**Exercise description**
Your answer should hold exactly the lines below from the line with "2 otaqlı Yeni tikili, Satış, Abşeron" through the line with "Női rövidnadrág Bpc", both included, and no pictures at all.

*** Opening of Source data ***

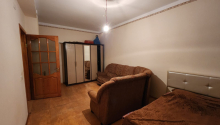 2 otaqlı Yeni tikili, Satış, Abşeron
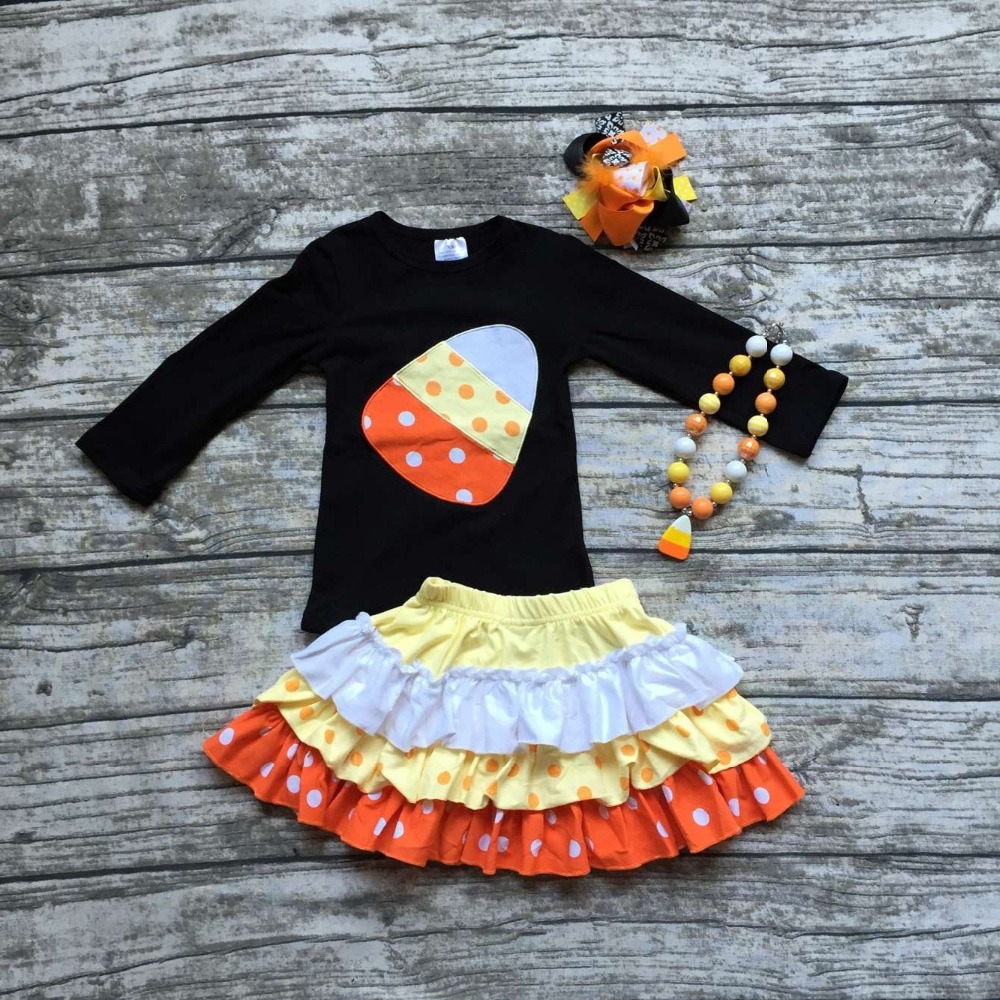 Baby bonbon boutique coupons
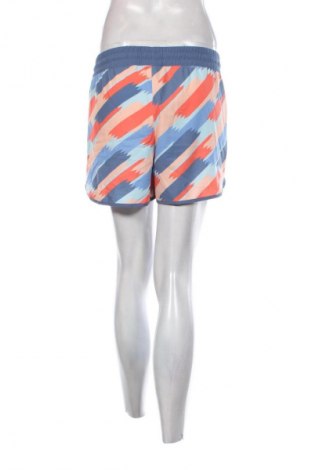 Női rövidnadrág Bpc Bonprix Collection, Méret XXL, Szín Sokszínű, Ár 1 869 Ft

*** Close of Source data ***
*** Opening of Source data ***

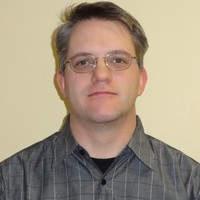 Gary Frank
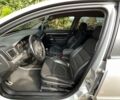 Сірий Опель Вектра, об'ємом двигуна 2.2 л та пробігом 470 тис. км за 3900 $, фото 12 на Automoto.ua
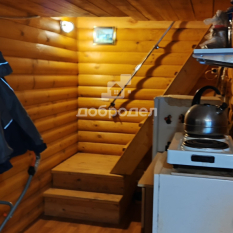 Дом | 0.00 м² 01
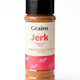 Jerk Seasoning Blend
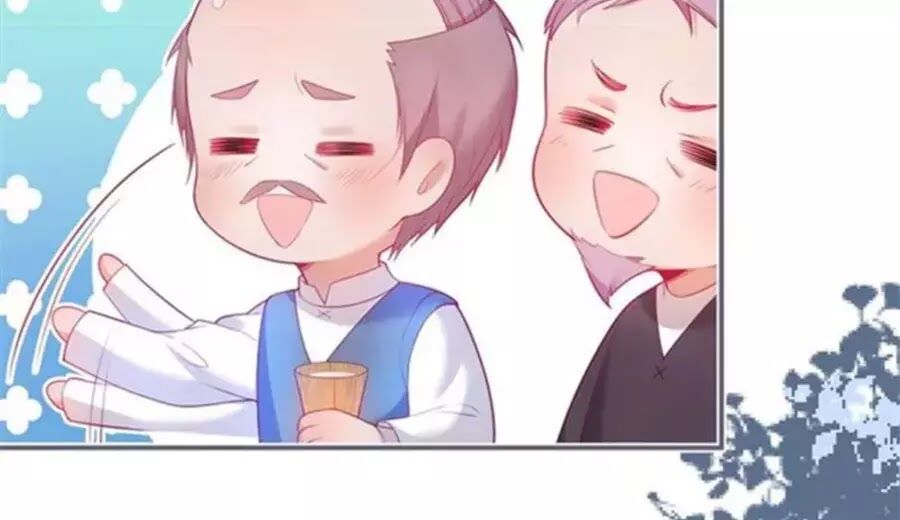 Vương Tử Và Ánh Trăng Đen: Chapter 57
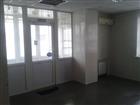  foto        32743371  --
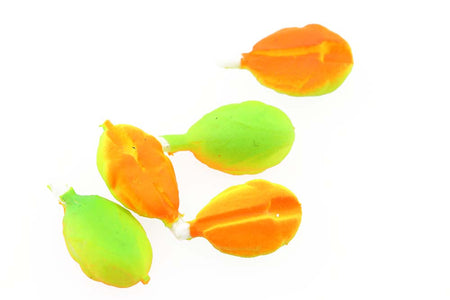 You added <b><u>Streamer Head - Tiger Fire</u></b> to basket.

*** Close of Source data ***

**The completed task**
 2 otaqlı Yeni tikili, Satış, Abşeron
 Baby bonbon boutique coupons
 Női rövidnadrág Bpc Bonprix Collection, Méret XXL, Szín Sokszínű, Ár 1 869 Ft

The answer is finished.